Oak Harbor delays decision on utility rate increase

The Oak Harbor City Council has delayed a decision to increase the city’s utility rates largely due to unemployment caused by the COVID-19 health crisis.

Much of the proposed rate increase is driven by unanticipated costs associated with the new sewage treatment plant. In May, the Oak Harbor City Council was provided with four different options that would determine how much the utility rates would increase.

During the Tuesday’s teleconference meeting, the council did not vote to increase rates. Instead, the council is now looking at possibly making a decision in October.

“Our residents are in enough stress,” Councilman Jeff Mack said. “We don’t need to jump the gun and add more stress and warn them about a rate increase.”

Councilman Jim Woessner said there are pending issues, including negotiations to add Navy housing units to the city’s wastewater system and the status of upcoming building developments, that could have an effect on the future of the utility rates.

Woessner said he is hoping more information will come to light in the coming months.

“I make decisions upon known things,” Woessner said. “I just feel there’s so many unknowns that are going to occur over the next few months that could have an impact on how we structure this in 2021, 2022, 2023.”

Councilman Joel Servatius, who in the past was in favor of making a decision on the rate increase, said he has had a change of heart.

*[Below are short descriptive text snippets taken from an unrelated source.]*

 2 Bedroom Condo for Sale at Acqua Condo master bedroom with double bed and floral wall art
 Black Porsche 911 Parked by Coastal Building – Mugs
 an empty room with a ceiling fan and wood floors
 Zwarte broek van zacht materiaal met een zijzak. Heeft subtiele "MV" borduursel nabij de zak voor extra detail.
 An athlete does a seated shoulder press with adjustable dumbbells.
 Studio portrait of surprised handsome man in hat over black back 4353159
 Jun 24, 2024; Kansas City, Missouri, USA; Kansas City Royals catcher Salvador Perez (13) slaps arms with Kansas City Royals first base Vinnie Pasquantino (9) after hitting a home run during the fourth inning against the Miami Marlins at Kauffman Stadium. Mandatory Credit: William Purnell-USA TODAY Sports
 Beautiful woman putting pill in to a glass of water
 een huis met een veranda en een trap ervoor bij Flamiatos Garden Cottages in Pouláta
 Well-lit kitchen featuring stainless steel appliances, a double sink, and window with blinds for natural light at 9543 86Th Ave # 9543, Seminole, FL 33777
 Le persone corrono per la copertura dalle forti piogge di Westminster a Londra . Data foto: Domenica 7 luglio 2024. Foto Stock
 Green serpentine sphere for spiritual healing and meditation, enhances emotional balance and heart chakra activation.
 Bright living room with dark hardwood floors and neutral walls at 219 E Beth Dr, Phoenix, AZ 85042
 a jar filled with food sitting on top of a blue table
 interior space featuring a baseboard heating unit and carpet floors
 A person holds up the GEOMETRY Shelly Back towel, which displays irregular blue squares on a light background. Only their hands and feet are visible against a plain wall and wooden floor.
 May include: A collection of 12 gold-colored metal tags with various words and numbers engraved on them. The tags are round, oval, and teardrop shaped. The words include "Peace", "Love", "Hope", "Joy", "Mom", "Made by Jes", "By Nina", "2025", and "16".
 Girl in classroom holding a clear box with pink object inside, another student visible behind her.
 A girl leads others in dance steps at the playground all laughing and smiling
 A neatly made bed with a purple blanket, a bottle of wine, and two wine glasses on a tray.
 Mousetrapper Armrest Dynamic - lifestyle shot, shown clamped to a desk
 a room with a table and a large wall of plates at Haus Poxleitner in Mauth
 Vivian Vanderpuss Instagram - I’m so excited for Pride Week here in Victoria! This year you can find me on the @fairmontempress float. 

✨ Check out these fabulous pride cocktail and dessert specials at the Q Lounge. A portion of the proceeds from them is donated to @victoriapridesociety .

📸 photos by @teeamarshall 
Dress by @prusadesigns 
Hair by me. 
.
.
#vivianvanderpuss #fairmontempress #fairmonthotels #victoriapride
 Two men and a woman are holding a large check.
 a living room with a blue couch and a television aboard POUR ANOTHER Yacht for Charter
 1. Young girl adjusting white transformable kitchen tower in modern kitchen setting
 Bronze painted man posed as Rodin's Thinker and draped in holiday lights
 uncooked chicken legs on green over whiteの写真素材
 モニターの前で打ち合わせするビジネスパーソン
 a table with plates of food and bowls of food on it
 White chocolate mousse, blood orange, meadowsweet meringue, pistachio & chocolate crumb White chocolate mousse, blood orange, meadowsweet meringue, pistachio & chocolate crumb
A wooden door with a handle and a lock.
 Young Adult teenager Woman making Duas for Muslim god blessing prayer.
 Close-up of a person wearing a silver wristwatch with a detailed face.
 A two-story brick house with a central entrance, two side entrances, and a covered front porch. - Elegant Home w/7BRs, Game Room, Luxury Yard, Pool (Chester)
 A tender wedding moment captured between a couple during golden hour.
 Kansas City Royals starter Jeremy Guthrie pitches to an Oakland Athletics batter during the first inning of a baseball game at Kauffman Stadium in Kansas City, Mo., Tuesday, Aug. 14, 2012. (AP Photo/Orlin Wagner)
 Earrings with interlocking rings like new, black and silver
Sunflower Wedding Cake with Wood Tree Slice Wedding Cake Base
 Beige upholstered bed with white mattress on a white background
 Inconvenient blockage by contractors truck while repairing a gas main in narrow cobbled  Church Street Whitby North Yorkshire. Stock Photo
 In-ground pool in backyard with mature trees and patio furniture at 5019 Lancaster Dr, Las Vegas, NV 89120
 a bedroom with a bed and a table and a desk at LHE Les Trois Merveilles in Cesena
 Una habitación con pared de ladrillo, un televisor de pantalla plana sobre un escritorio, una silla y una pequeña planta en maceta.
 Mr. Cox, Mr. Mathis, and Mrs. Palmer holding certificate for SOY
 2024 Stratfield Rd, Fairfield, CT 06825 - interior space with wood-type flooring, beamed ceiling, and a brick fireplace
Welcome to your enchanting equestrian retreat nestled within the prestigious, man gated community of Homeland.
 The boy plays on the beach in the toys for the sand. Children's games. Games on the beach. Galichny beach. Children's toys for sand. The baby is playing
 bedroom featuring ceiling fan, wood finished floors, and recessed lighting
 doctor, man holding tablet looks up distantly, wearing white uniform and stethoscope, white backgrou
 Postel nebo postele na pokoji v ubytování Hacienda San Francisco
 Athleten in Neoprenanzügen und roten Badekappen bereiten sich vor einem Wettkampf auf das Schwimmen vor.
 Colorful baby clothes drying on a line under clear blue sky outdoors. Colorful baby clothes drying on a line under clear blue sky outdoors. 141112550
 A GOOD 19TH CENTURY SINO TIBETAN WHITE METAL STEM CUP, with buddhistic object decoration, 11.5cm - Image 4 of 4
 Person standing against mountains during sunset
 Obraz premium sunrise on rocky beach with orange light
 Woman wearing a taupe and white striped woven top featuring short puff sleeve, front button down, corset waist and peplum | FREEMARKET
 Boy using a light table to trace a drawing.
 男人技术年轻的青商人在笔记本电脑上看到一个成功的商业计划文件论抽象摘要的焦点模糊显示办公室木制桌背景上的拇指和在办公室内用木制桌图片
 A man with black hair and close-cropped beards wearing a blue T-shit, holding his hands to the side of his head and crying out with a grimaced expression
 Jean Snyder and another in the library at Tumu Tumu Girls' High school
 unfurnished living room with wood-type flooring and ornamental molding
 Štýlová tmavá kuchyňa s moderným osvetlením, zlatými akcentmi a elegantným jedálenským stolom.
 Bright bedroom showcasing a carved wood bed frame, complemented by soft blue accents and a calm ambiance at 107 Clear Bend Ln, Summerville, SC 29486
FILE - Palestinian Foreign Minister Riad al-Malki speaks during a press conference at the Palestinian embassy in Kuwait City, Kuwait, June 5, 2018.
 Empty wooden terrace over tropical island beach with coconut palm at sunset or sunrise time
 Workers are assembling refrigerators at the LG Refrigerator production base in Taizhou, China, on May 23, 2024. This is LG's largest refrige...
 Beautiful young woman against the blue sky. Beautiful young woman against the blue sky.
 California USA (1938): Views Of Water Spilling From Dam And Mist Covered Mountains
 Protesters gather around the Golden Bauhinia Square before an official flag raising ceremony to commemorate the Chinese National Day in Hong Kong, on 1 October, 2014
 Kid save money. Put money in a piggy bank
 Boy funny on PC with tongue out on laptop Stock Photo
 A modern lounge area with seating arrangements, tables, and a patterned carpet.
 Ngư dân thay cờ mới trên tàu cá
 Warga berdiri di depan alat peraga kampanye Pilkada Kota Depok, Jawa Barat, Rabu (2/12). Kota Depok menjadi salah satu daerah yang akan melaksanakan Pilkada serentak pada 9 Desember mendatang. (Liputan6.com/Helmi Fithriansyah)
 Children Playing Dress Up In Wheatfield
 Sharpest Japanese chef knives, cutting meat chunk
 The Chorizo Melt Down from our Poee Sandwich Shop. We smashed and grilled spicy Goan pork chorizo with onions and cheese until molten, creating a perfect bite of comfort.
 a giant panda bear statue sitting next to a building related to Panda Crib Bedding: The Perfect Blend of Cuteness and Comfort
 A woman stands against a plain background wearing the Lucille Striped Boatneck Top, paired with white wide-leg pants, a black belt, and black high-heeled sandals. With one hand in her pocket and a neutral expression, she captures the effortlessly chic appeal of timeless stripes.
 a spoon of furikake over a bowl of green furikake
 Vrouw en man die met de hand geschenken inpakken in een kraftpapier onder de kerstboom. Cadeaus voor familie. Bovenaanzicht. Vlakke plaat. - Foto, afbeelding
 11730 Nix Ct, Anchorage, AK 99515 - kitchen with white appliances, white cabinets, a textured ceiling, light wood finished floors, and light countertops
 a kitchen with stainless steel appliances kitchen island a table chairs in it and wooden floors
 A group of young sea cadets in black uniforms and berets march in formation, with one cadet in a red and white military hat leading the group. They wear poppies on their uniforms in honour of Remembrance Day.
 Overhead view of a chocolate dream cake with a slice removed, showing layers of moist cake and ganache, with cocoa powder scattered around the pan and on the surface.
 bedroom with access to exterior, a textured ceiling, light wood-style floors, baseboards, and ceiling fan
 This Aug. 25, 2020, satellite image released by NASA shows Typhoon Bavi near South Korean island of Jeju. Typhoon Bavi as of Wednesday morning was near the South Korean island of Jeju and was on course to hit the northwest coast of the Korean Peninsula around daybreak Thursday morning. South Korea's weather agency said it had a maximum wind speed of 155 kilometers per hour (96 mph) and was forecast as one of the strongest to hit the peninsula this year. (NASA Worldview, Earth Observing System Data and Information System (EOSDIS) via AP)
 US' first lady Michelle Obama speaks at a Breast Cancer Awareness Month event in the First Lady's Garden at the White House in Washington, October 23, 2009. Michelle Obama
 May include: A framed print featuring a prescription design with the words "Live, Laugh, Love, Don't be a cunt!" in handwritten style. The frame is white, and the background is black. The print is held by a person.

“I’m not one to put off maintenance or infrastructure improvements because that doesn’t usually get better with time,” Servatius said but he added, “when I talk to people that have been out of work for two to three months, I think I have become a lot more sensitive.”

Councilwoman Tara Hizon said she is worried about giving residents sufficient time to prepare for the increase.

“I don’t want to wait until October or November to tell people, ‘By the way, your bills are going up $14 a month as of January 2021,’” she said.

“That would also be a disservice. Fourteen dollars a month might not sound like a whole lot, but it adds up, especially when they’ve been struggling for months and months.”